Pre-draft measurables
| Height | Weight | Arm length | Hand span | Wingspan | 40-yard dash | 10-yard split | 20-yard split | 20-yard shuttle | Three-cone drill | Vertical jump | Broad jump | Bench press |
| 6 ft 0+5⁄8 in (1.84 m) | 208 lb (94 kg) | 31+1⁄2 in (0.80 m) | 9+1⁄4 in (0.23 m) | 6 ft 4+3⁄4 in (1.95 m) | 4.59 s | 1.66 s | 2.76 s | 4.06 s | 7.05 s | 34.5 in (0.88 m) | 10 ft 1 in (3.07 m) | 23 reps |
All values from 2011 NFL Scouting Combine

===NFL statistics===

| Year | Team | GP | COMB | TOTAL | AST | SACK | FF | FR | FR YDS | INT | IR YDS | AVG IR | LNG | TD | PD |
|---|---|---|---|---|---|---|---|---|---|---|---|---|---|---|---|
| 2011 | DEN | 16 | 56 | 45 | 11 | 1.0 | 0 | 0 | 0 | 0 | 0 | 0 | 0 | 0 | 0 |
| 2012 | DEN | 03 | 02 | 02 | 00 | 0.0 | 0 | 0 | 0 | 0 | 0 | 0 | 0 | 0 | 0 |
| 2014 | DEN | 11 | 21 | 17 | 04 | 1.0 | 1 | 0 | 0 | 0 | 0 | 0 | 0 | 0 | 1 |
| Career |  | 30 | 79 | 64 | 15 | 2.0 | 1 | 0 | 0 | 0 | 0 | 0 | 0 | 0 | 1 |

==Personal life==
When Carter is not playing football, he spends his time doing charity projects. In 2008, he started Serving Others through Unity and Leadership (SOUL) to help kids in need through football camps and other programs. He also maintains that he does not play video games, which gives him the time to help others. Additionally, Carter has been named to the 2010 Allstate AFCA Good Works team for his work in the community.

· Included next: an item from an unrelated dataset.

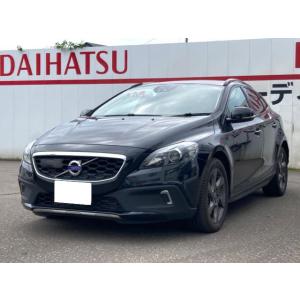 【支払総額1,643,000円】中古車 ボルボ V40クロスカントリー スマートキー/ナビ/TV/ETC｜kurumaerabi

On March 9, 2013, Carter was arrested and charged with three acts of fraudulent act in a gaming establishment. Officials at Texas Station alleged that he added money to his wagers after the dice has been rolled in craps. He faced a potential 18 years in prison. The charges were ultimately dropped.

In 2017, Carter opened Big Jerk, a Caribbean restaurant, in Las Vegas. It began as a food truck in 2017 and became a restaurant in 2018. It now has multiple locations in Vegas.